Web application exploits soar – Despite a decrease in the overall volume of network attacks in Q1, web application attacks grew significantly. WatchGuard’s IPS service caught attackers exploiting many cross-site scripting (XSS) and SQL injection (SQLi) vulnerabilities – both popular methods for credential theft. Two SQLi attacks made it onto WatchGuard’s top 10 network attacks list, while one web XSS attack accounted for more than 10% of network attacks on the top 10 list overall.
DNS filtering blocks more than 5 million malicious sites – WatchGuard’s DNSWatch service successfully prevented 5,192,883 attempted visits to nefarious destinations, blocking over half a million connections to known malware-hosting domains, 187,101 connections to compromised websites and 61,096 connections to known phishing sites. Compromised websites can be difficult to identify and block, so DNS-level filtering is critical to prevent users from unknowingly falling victim to malware infections, credential theft or botnet command and control systems.

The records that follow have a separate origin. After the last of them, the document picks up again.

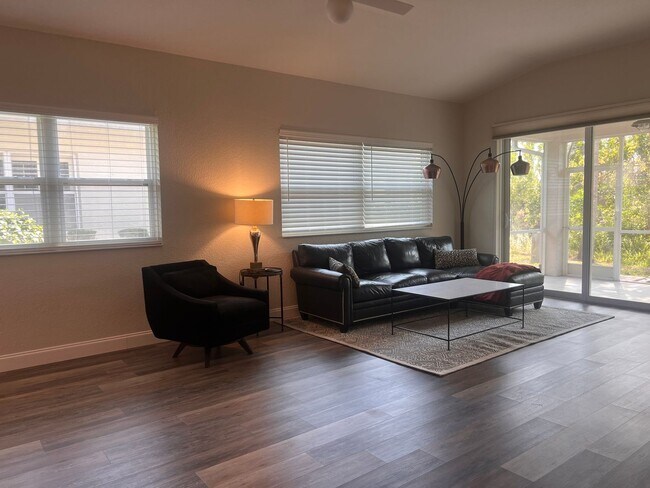 Photo - 2bd/2ba/2 car garage in Venetia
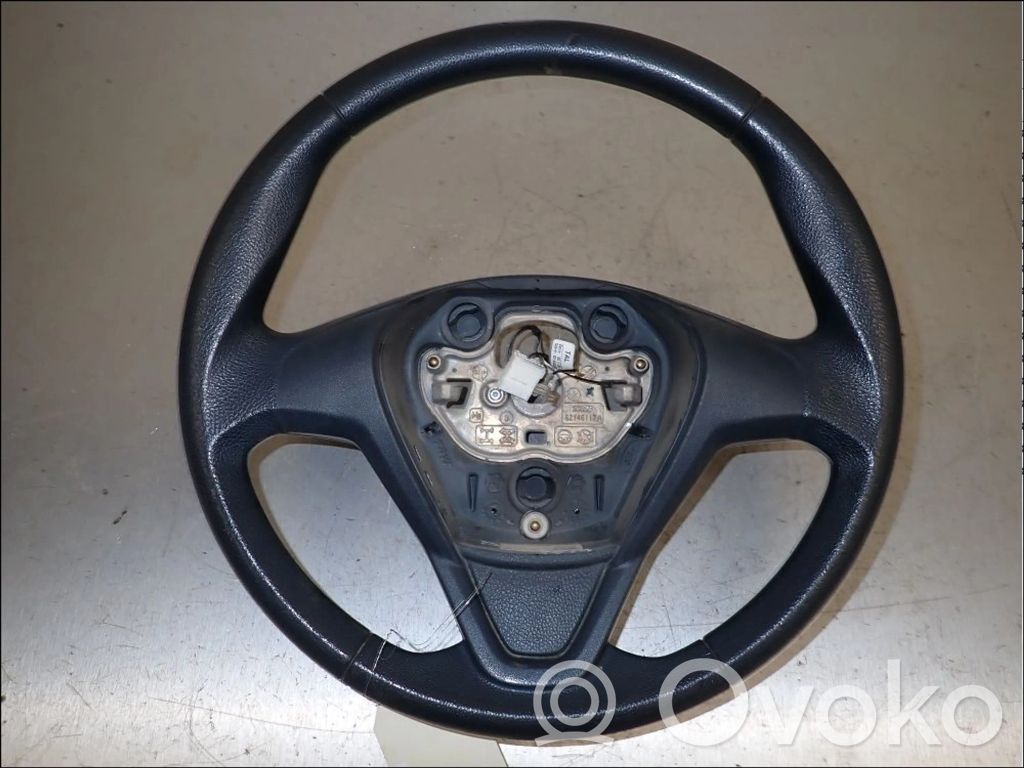 Ford Fiesta Ohjauspyörä 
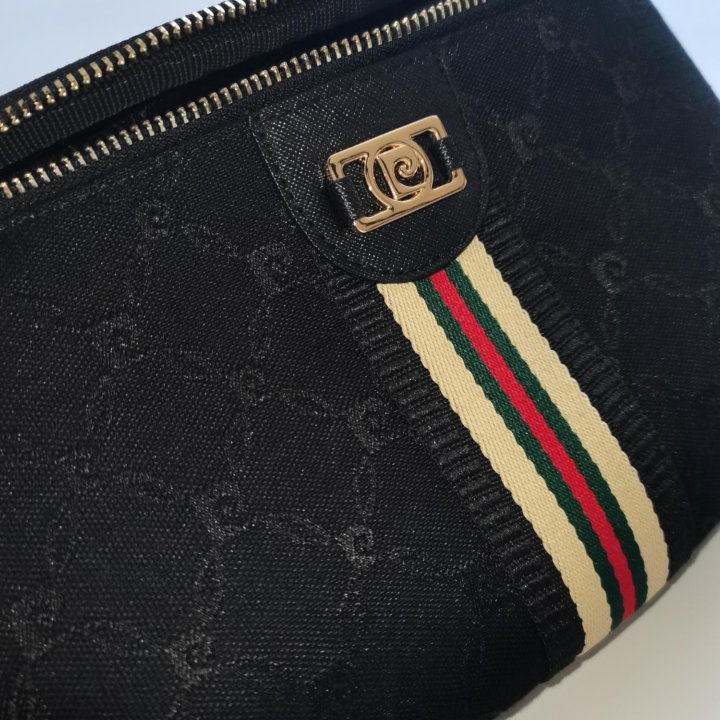 Сумка на пояс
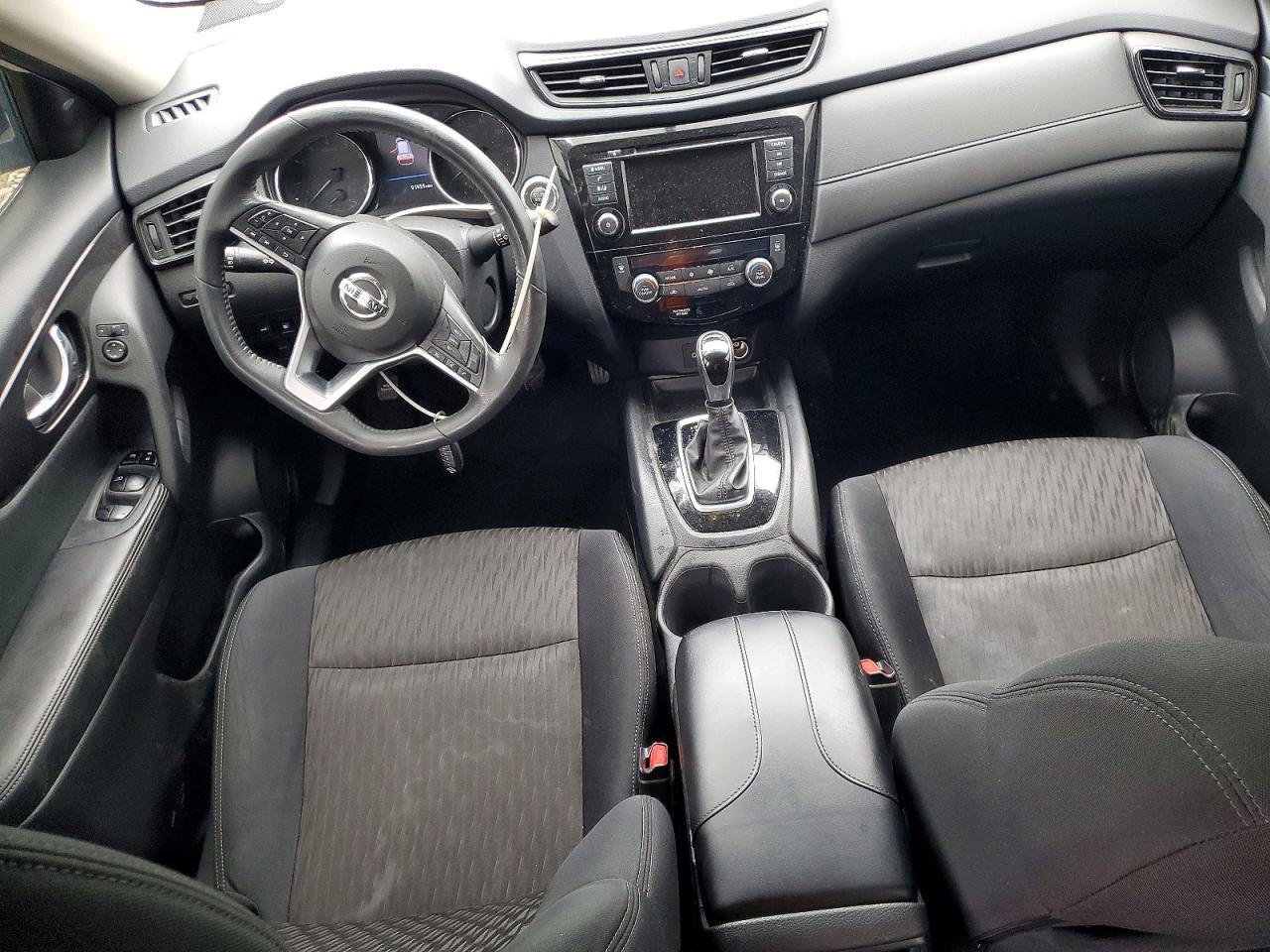 2018 NISSAN ROGUE S photo 8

Fileless malware stakes its claim – Fileless threats appeared in both WatchGuard’s top 10 malware and top 10 network attack lists. On the malware side, a PowerShell-based code injection attack showed up in the top 10 list for the first time in Q1, while the popular fileless backdoor tool, Meterpreter, made its first appearance in the top 10 list of network attacks too. This trend further demonstrates cybercriminals’ continued focus on utilizing this evasive threat category.
- Mimikatz malware skyrockets by 73%, remains the #1 threat – Accounting for 20.6% of all malware found in Q1, this popular open source tool is often used for password theft, and represents a major driver behind many network infiltrations. Mimikatz is a mainstay on WatchGuard’s top 10 malware list, which highlights the importance of using lengthy, complex passwords unique to each individual account. Furthermore, with cybercriminals’ persistent focus on credential theft, organizations of all sizes should consider adopting multi-factor authentication solutions in order to prevent bad actors from compromising legitimate user accounts.